New research into the effects of working during the night has found that shift work harms nurses in a number of ways, affecting not only their own well-being but also their ability to care for their patients.
Night Shift Work Harms Nurses By Inhibiting the Circadian Rhythm
Researchers at the University of Alabama conducted a recent study to determine how shift work affects female nurses. The study included a group of night shift nurses and a group of nurses assigned to day shifts to see how the different work schedules affected the health and performance of the nurses.
Over the nine-day period, researchers evaluated the core body temperatures of all of the nurses, as well as their locomotor activity functioning. Additionally, melatonin and cortisol levels were measured. Cortisol is a stress hormone, while melatonin is the hormone used by the body to regulate wakefulness and sleepiness.
Upon evaluating the data, the research team found that the core body temperature, locomotor activity, cortisol and melatonin levels were all affected in the night shift nurses. As a whole, these findings suggested that the circadian rhythm was adversely affected when the regular nighttime sleeping patterns of the night shift nurses, which they resumed on their days off, were disrupted. Since day shift and night shift nurses followed similar lifestyle patterns on their days off, the disruption in the circadian rhythm exhibited in the night shift nurses recurred each week.
This is important, because the circadian rhythm influences a number of biological functions, including hormone distribution. When the circadian rhythm is disrupted, the individual’s ability to stay awake and alert may be compromised. The opposite is also true: A disrupted circadian rhythm can cause sleep difficulties as night shift nurses try to get rest during the daylight hours.
More Adverse Health Effects Resulting from Night Shift Work
A disrupted circadian rhythm may also play a larger role in affecting one’s health.

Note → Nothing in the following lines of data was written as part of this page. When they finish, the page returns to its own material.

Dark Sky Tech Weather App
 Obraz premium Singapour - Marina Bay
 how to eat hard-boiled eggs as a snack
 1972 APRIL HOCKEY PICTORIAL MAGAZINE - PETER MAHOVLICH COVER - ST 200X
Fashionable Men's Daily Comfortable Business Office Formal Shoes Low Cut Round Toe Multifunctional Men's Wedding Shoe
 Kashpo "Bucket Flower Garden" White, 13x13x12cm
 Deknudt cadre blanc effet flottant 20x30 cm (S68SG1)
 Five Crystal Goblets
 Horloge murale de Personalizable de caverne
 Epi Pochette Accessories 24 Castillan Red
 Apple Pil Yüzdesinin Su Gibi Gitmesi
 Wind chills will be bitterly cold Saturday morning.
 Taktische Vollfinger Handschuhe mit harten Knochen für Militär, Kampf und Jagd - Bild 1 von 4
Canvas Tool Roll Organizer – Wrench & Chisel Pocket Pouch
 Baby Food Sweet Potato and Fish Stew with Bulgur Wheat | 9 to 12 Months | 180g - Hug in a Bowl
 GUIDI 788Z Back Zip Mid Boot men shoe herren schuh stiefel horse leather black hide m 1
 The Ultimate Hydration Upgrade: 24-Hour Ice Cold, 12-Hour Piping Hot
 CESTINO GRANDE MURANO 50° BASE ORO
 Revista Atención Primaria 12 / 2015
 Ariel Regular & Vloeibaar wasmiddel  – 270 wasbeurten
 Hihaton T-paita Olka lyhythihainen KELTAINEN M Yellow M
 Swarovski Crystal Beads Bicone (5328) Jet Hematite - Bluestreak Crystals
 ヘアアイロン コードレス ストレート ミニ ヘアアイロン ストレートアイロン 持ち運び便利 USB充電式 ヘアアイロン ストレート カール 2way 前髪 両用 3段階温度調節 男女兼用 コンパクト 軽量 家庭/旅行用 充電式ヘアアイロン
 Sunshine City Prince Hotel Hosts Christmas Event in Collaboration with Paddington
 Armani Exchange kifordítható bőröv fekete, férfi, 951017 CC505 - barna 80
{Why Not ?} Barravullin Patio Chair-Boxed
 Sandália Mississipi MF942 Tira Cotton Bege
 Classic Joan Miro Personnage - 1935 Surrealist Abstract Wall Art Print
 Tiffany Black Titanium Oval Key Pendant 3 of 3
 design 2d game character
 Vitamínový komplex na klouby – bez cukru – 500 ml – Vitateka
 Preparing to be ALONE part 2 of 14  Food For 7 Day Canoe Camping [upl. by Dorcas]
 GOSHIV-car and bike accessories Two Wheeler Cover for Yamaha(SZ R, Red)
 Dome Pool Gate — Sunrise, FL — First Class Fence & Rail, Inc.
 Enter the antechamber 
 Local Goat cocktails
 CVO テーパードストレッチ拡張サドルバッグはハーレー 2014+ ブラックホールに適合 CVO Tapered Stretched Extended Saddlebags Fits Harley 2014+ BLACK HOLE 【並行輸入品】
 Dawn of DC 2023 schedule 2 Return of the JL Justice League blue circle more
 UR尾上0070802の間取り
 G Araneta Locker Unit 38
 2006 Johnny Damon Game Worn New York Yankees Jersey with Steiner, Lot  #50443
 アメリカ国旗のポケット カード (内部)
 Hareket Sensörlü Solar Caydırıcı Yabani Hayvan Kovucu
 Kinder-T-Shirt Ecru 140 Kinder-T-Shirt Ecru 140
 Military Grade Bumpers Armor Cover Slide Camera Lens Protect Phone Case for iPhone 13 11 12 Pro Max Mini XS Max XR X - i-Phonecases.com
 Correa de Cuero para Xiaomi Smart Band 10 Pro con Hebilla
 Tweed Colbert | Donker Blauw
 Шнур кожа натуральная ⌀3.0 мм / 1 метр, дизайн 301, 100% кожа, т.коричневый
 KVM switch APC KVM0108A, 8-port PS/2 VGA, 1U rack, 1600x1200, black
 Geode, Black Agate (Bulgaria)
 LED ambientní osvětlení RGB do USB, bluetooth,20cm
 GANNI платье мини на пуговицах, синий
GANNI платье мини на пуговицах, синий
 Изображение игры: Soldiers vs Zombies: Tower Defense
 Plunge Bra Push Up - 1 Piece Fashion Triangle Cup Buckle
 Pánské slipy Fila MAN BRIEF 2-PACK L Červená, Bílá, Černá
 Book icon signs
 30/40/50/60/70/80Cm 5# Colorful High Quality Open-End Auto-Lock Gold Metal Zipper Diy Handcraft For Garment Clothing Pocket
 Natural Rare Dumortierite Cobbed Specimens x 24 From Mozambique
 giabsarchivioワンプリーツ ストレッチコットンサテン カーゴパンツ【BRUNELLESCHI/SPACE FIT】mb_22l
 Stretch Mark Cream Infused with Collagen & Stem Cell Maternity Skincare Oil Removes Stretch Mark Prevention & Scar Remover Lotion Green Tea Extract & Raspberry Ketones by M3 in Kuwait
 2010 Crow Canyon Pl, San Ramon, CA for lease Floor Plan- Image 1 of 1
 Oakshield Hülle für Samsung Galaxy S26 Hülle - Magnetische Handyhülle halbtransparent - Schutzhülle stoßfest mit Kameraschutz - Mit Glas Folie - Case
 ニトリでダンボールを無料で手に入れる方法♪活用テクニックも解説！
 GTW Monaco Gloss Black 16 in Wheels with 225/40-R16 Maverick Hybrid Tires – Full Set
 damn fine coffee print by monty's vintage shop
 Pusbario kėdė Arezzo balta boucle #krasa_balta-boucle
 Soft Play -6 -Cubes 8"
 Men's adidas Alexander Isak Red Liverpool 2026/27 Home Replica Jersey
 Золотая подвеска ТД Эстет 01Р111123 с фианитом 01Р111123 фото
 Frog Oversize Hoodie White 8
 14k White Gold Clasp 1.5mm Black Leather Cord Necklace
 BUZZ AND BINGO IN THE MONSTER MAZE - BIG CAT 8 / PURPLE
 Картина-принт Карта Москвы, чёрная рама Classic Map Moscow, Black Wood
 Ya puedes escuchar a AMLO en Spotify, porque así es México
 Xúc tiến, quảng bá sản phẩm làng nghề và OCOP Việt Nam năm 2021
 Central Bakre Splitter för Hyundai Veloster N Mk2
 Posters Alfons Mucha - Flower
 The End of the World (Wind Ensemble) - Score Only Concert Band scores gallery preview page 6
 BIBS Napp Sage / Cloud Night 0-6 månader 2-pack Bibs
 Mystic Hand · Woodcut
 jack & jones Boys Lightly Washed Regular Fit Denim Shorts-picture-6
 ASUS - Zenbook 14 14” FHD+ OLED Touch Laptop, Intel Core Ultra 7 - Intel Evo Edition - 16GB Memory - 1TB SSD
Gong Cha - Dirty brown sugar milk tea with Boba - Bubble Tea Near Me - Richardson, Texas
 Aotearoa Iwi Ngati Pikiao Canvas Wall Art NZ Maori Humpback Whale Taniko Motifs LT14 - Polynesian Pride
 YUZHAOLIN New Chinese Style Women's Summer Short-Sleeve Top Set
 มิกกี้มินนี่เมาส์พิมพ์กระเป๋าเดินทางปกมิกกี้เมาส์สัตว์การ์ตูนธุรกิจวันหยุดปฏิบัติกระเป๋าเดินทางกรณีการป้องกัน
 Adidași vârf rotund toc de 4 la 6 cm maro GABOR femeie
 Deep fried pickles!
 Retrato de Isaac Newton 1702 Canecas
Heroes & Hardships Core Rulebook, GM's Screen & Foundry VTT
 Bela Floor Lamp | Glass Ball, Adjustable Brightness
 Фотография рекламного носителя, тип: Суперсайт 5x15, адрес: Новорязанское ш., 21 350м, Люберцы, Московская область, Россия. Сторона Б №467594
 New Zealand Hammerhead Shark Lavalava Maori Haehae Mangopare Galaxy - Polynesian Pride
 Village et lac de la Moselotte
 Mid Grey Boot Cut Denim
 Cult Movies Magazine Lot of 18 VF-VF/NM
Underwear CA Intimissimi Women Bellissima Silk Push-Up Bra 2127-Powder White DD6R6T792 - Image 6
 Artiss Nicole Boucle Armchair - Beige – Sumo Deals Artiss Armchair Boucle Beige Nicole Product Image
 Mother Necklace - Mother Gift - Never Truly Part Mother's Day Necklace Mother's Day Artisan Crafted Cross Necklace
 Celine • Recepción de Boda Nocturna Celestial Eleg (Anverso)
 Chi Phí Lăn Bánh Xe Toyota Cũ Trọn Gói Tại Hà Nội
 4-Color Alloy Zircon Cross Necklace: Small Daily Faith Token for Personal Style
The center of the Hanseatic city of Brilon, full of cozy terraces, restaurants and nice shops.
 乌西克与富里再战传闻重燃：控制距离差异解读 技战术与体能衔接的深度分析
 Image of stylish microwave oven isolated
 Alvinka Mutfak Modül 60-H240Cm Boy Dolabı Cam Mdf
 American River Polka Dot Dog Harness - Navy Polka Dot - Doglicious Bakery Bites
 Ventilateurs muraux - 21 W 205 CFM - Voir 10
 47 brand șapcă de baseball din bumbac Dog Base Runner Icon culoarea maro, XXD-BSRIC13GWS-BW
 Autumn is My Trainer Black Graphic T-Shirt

People who do night shift work have shown an increased likelihood of developing a variety of medical conditions, including becoming more apt to contract certain types of cancer. Heart disease, gastrointestinal problems and ulcers, obesity and metabolic issues are all also common among those who work night-shift schedules.
These increased health risks may have something to do with the higher triglyceride levels night shift employees exhibit in comparison to their day-shift counterparts. High triglyceride levels are partly to blame for high blood pressure, high blood glucose levels and excess gut fat. The poorer diets consumed by most night shift workers only serve to compound these health risks.
There has also been research that links exposure to artificial light in the late night hours to a higher risk of developing breast cancer. In a 2012 study, as many as 4.5 percent of breast cancer terminal diagnoses were linked to night shift work and the exposure to late-night light. Additional research suggested the risks were even higher for women who worked rotating overnight shifts or alternating 12-hour shifts. The risks of developing breast cancer for female nurses working irregular shifts increased when they remained on these schedules for four to five years or more.
Some studies have found that emotional health is also affected by late-night shift work. Women who work overnight shifts are more likely to develop depression than day-shift nurses, suggesting night-shift work harms nurses psychologically. Due to their irregular schedules, night-shift nurses tend to be less social than day-shift nurses as well. This can lead to feelings of isolation, which may promote more severe depressive episodes. Working an overnight schedule is more likely to cause female nurses to feel disconnected from their loved ones, boosting their risk of losing touch with friends, partners and their children.
Night Shift Work Increases the Likelihood of Nursing Errors
In addition to the physical and emotional health hazards that shift work poses, another recent study found that the quality of work suffered in night-shift workers. Nurses working night shifts were found to make errors in administering medications more frequently than day-shift workers. A disrupted circadian rhythm can leave night shift nurses feeling fatigued and anxious, as well as inducing more frequent depressive episodes. These negative emotions can be distracting, causing overnight nurses to commit errors more frequently.
According to this study, which was conducted at Egypt’s Oncology Center of Mansoura University, night-shift nurses administered medication at the wrong times 23.1 percent of the time. They administered the wrong medications with the same rate of error. When questioned about the frequency of errors, more than half of the nurses blamed a lack of sufficient sleep. The research team also found a higher rate of depression among the nurses responsible for committing the errors.
The rates of both depression and the medication errors were higher among nurses who worked irregular shifts. Nurses who worked at least four night shifts per week were at the highest risks for committing medication errors, and for suffering from depression. The researchers additionally found correlations that suggested nurses who took sleep medication to compensate for their irregular shift work were more prone to experience general fatigue and depression. Since depression and fatigue were strongly linked to medication errors on the job, the researchers concluded that sleep medications exacerbated the problem.
Better Support for Nurses
The comprehensive results of these recent studies indicate that the scheduling of nurses must be re-evaluated. When hospitals can find ways to provide better opportunities for quality sleep, and allow their nurses to work more regular hours, the health and performance of their nurses will improve. Since the importance the circadian rhythm plays in physical and mental health cannot be understated, helping nurses maintain a proper balance will keep them healthier, happier and more alert.